L’introduction d’extraterrestres ne suffit pas à secouer toute cette monotonie. Il fait suivre le récit de leur arrivée à travers trois personnages qui, en fait, ne s’intéressent qu’à leurs relations, mettant l’événement en un dernier plan.

Désespérantes, mornes, sans reliefs telles sont ces scénettes, une succession de tranches de vies : une recette de cuisine, un chat écrasé, une rencontre avec sa grand-mère, une histoire sur le port de la chemise, sur l’enterrement d’une vie de garçon…. Il décrit des rencontres, des actes charnels sans plaisir, sans sentiments et une asthénie qui casse les rêves.

L’auteur prolonge son propos et montre l’insignifiance, le côté dérisoire d’une vie et de ce qui la compose. Il évoque les espoirs que porte la jeunesse, les désillusions de l’âge adulte, l’abandon d’illusions pour une triste réalité.

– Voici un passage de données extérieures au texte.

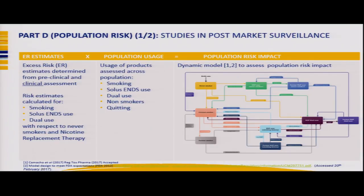Data from exposure and risk reduction clinical studies are fundamental for making excess risk estimates, drawn from pre-clinical and especially clinical studies. Risk estimates are required for smoking, solus ENDS use, dual use, never smokers, and NRT. We would then sample the population for percentages of smokers, solus ENDS users, dual users, non-smokers, and quitters, and input that into a dynamic model to assess population risk impact.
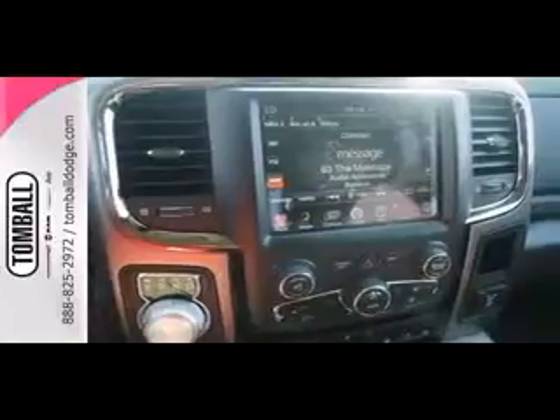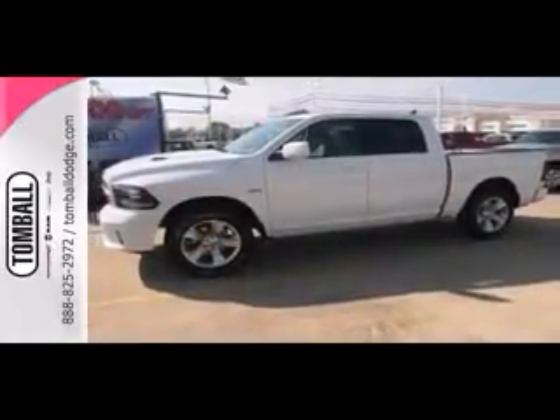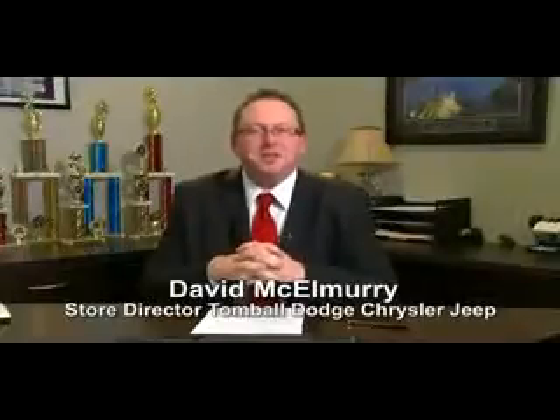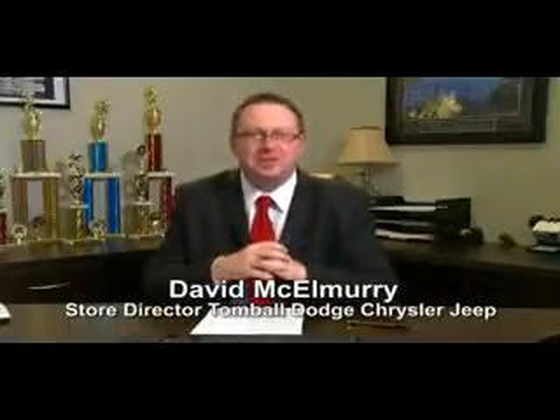It won't be here long, so stop in today and take this one for a test drive. Call us today for more information, or feel free to stop by Tomball Dodge Chrysler Jeep on Highway 249, just north of Spring Cypress.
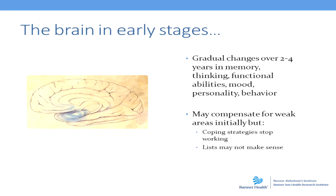their ability to problem solve, to be oriented to time and place, and to not have those coping strategies work anymore — the stage is set for moderate stage Alzheimer's disease.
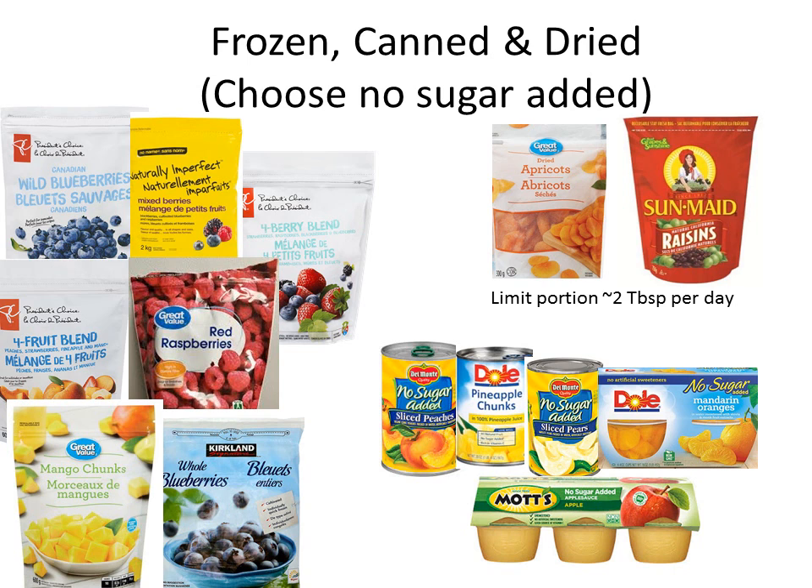For dried fruit, the main thing is to purchase ones without sugar added. Some of them are dusted with refined sugars or oils, so you just want the fruit. Think about the portion size — before you buy raisins, think about them as grapes and having about that tennis ball size of grapes, which shrinks down to about two tablespoons. Raisins and any other dried fruit are a concentrated form of sugar — a great choice and very nutritious, but limit your portion to about two tablespoons per serving.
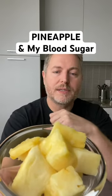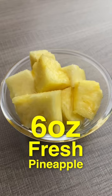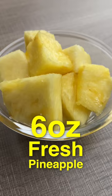Let's see what pineapple does to my blood sugar. This is exactly six ounces of fresh pineapple. It's fairly high in sugar with a glycemic index of 59. It's also rich in fiber, so I'm really curious to see how it's going to affect my blood sugar.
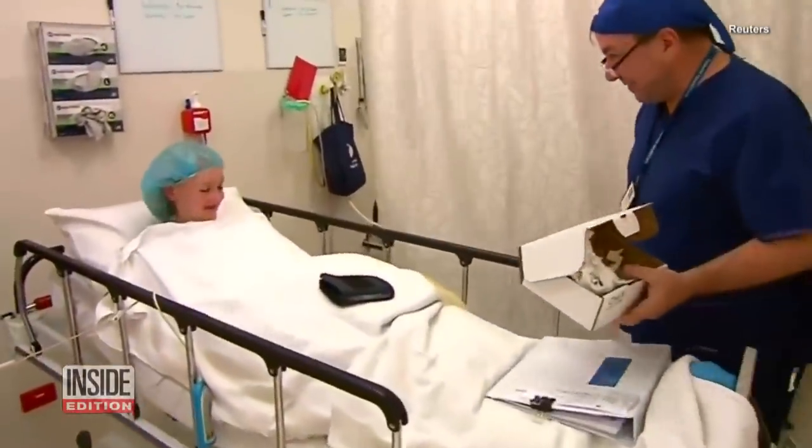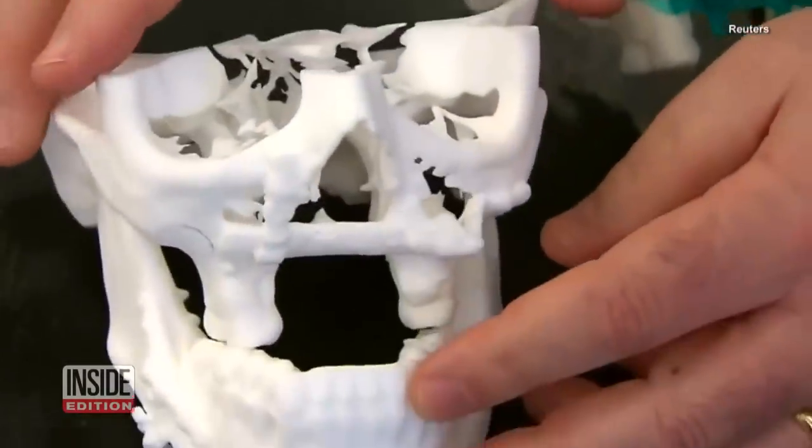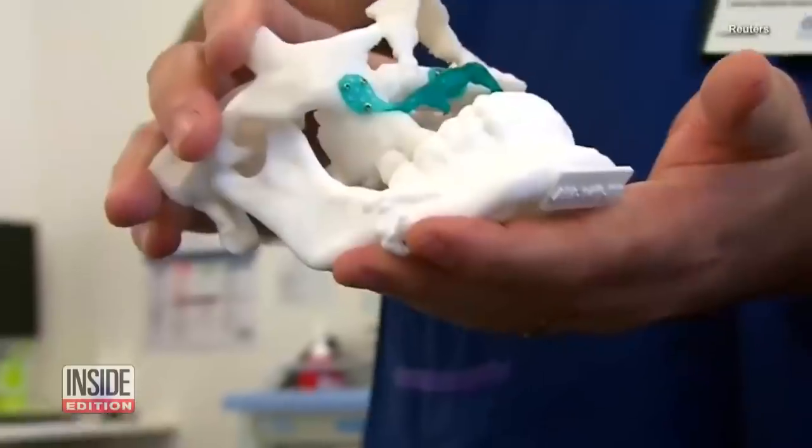Here she is getting ready to go under the knife to have a 3D printed jaw implanted. This type of surgery has only been done a handful of times before. She's hopeful the operation will give her back some confidence.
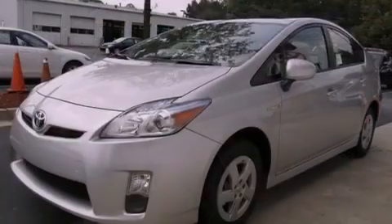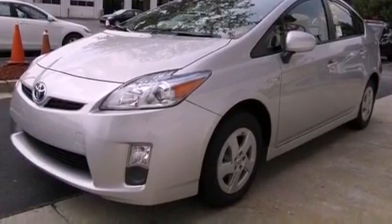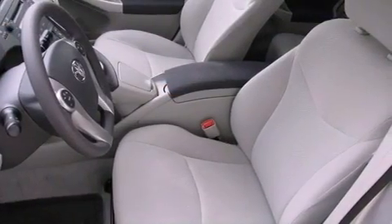Its top features include air conditioning with automatic climate control, cruise control, a rear window defroster, a CD player, a passenger side vanity mirror, and a traction control system.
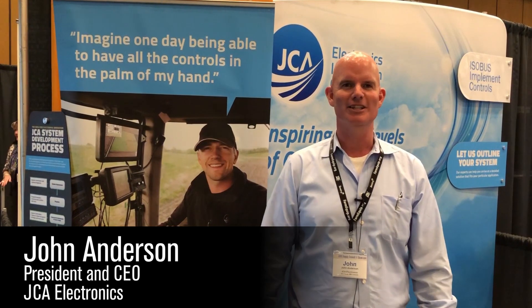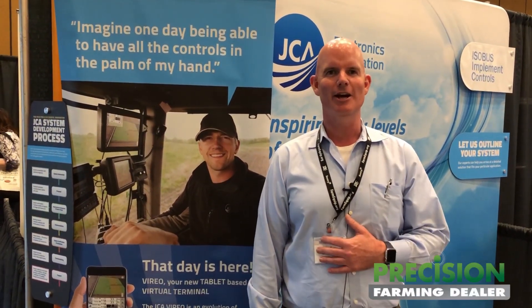Good afternoon. JCA Electronics is a company that manufactures electronic control systems for OEMs all over the world. My name is John Anderson. I'm the founder and president of the company.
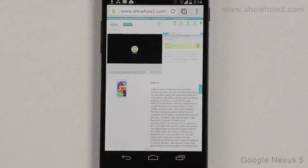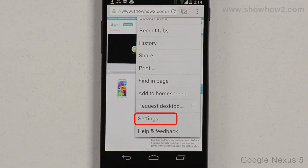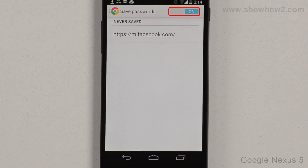For security reasons, you may choose to never store your passwords on the phone. While in Chrome, tap the Option key. Scroll up the menu. Tap Settings. Tap Save Passwords. Slide the switch of Save Passwords to the OFF position.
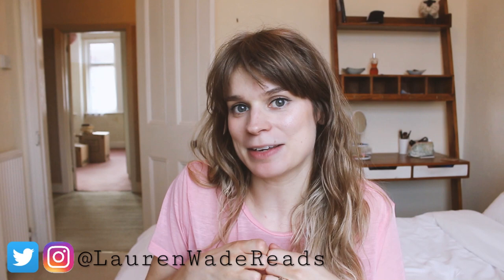Hi everyone, it's Lauren. I hope you're all doing really well. Today I have a big book haul for you because what do you do when you move to a new house and you don't have any shelves and all your books are still in boxes? You buy more books.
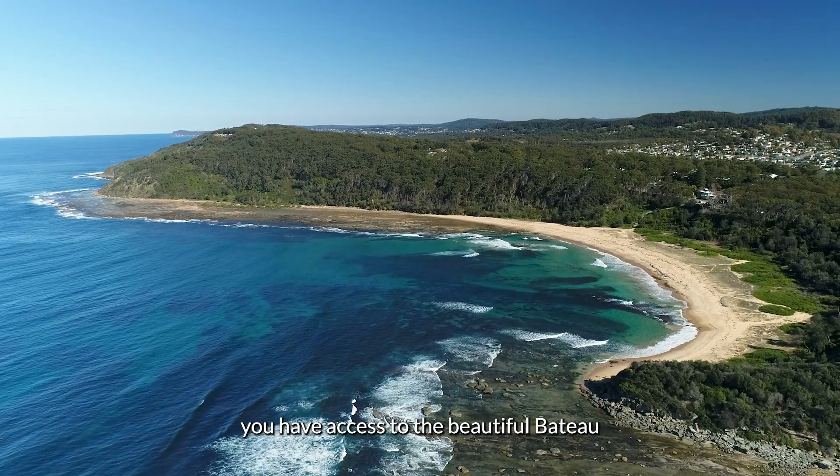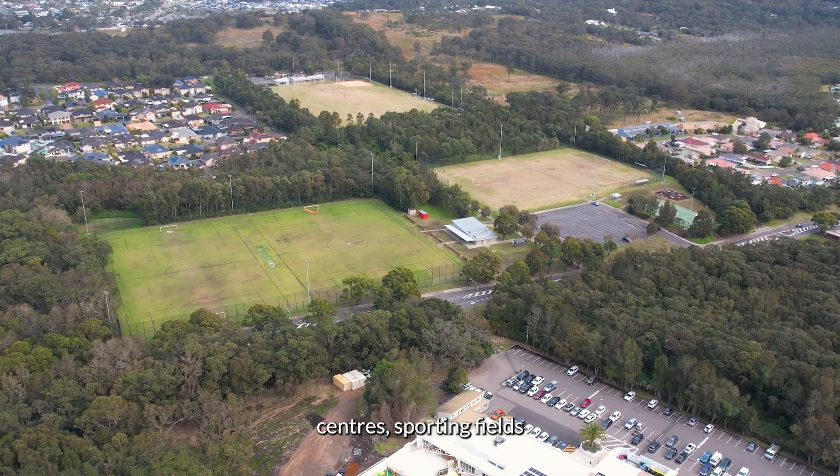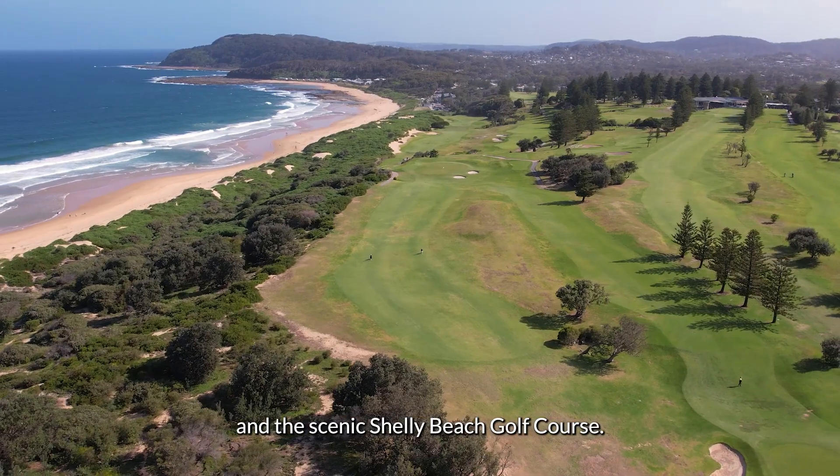Just moments away you'll have access to the beautiful Baddow Bay beach, the highly regarded Baddow Bay public school, shopping centres, sporting fields, and the scenic Shelley Beach golf course.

Cette succession de scénettes débouchent sur un fantastique qui est lui-même banalisé, rendu à une dimension insignifiante. L’arrivée d’extraterrestres ne dérange pas plus que cela le parcours de personnages, ceux-ci restant quasiment insensibles à l’événement. La dernière séquence, qui donne son titre à l’album, est particulièrement significative. Un « must » dans le genre !

Giacomo Monti porte sur la société un regard à la Louis-Ferdinand Céline, pointe la petitesse d’une existence, son peu d’importance.

 

Ces situations sont mises en images de façon minimaliste, avec des graphismes en noir et blanc, des personnages qui se ressemblent, qui sont presque interchangeables, sans expressivité.

 

Un album qui a séduit un cinéaste, lui inspirant le long métrage L’ultimo terrestre (du titre d’une scénette) présenté à la 68e Mostra de Venise en 2011.

 

Avec Personne ne me fera de mal, Giacomo Monti pousse à une étrange mélancolie, mais surtout à une interrogation cruelle, néanmoins salutaire, sur son propre fonctionnement et sur celui du microcosme dans lequel on évolue.

 

Serge Perraud

 

Giacomo Monti, Personne ne me fera de mal, Rackham, coll. Le Signe noir, août 2012, 160 p. – 20 €.